I am unsure as to the majority of your questions as my knowledge of flying squirrels is limited. However as somebody who keeps sugar gliders (another "flying" mammal) I can tell you that the cage dimensions are indeed far too small. With gliders the absolute minimum is 4 foot high x 2 foot x foot, provided you are taking them out for playtime every day.

I do not know whether "playtime" with flying squirrels is feasible -you'll have to wait for someone with more knowledge on the subject to answer that. However my (limited) understanding is that they are more of a display pet, and would therefore need a much larger enclosure i.e. a small aviary.

Hope that's of some help : victory:


----------



## PresqueVu (Jul 27, 2008)

I'm quite new to keeping them, but can answer some of it 

Southern Flying are the most common, you can also get Northern flying which are a bit bigger.

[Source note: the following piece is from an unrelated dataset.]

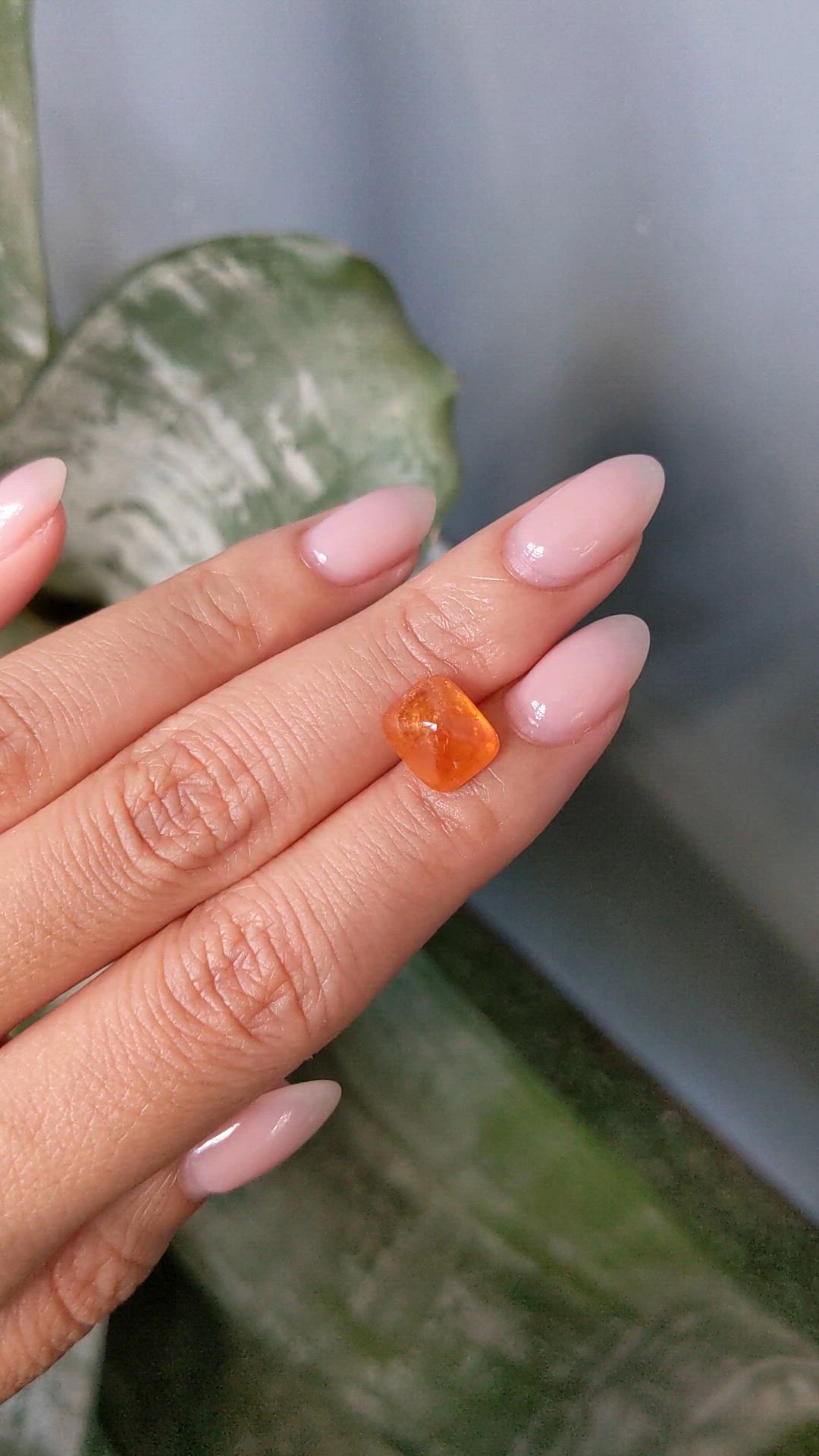 6.87 Ct. Orange Cabochon Spessartite Garnet from Nigeria Size Video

I think there are others, but these are larger ones that require an outdoor aviary - I can't remember what they are offhand.

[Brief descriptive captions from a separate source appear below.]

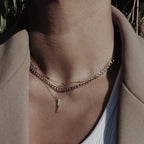 Platte gourmetketting in twee metaalkleuren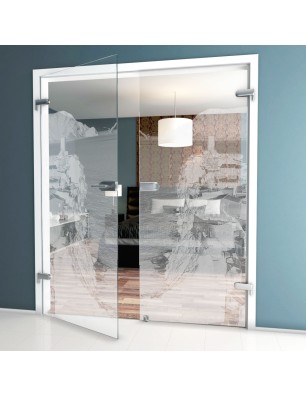 Ganzglastür Mediteranes Dorf Gelasert Auf Klarglas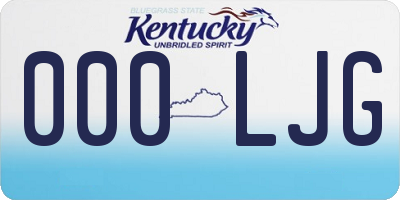 KY license plate 000LJG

The size you've quoted is too small - Nell has given you good guidelines on that already.

My guy comes out for a play most nights, I've had him since 9 weeks so he tamed down quite nicely especially since his breeder handled him as soon as possible. He becomes quite active from about 9pm, sometimes chirping at me if I forget to let him out - then will roam about freely the lounge and hallway.

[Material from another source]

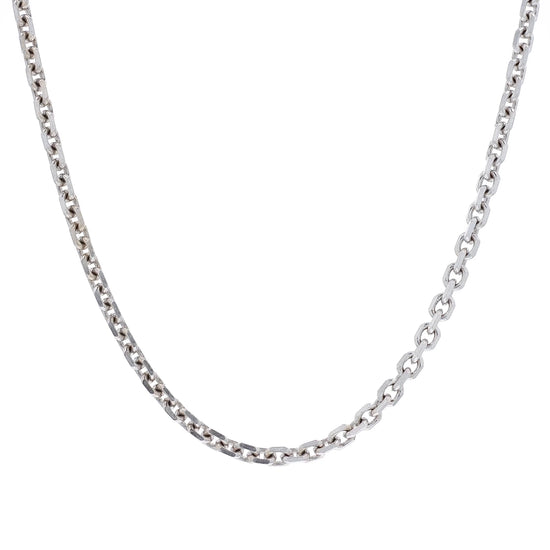 White gold 5.1mm squared oval link chain necklace on a white background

He nibbles various items (destroyed some wooden items and my work bag before I learnt what he does and doesn't touch!), a lot of the 'proofing' of the house I think is similar to gliders. He will fly and jump to the adults he is comfortable with and run on the floor and then leap up your leg. He is growing out of a slightly scary habit of leaping directly at your face :lol2:

Breeding them is quite difficult from what I've read, not something I've yet had experience in.


----------



## ClydeBalls (Jul 21, 2012)

What sort of lifespan to flying squirrels have? Do they need to be kept in pairs/groups or can they live singly?


----------



## armel (Jan 22, 2013)

Hi
I'm new to this forum. Does anybody know of a flying squirrel breeder here in the UK. I'm from nottingham. I already have chipmunks 5 of them and would like to have a pair of flying squirrels as well. Hope you can help me.

Much obliged
Armel


----------



## bloodpython22 (Feb 19, 2010)

armel said:


> Hi
> I'm new to this forum. Does anybody know of a flying squirrel breeder here in the UK. I'm from nottingham. I already have chipmunks 5 of them and would like to have a pair of flying squirrels as well. Hope you can help me.
> 
> Much obliged
> Armel


hi drop me a pm ican get quite a few species of squirrel at the minute
including tamopis and red /white ect thanks


----------



## armel (Jan 22, 2013)

bloodpython22 said:


> hi drop me a pm ican get quite a few species of squirrel at the minute
> including tamopis and red /white ect thanks


Pm sent. Thanks


----------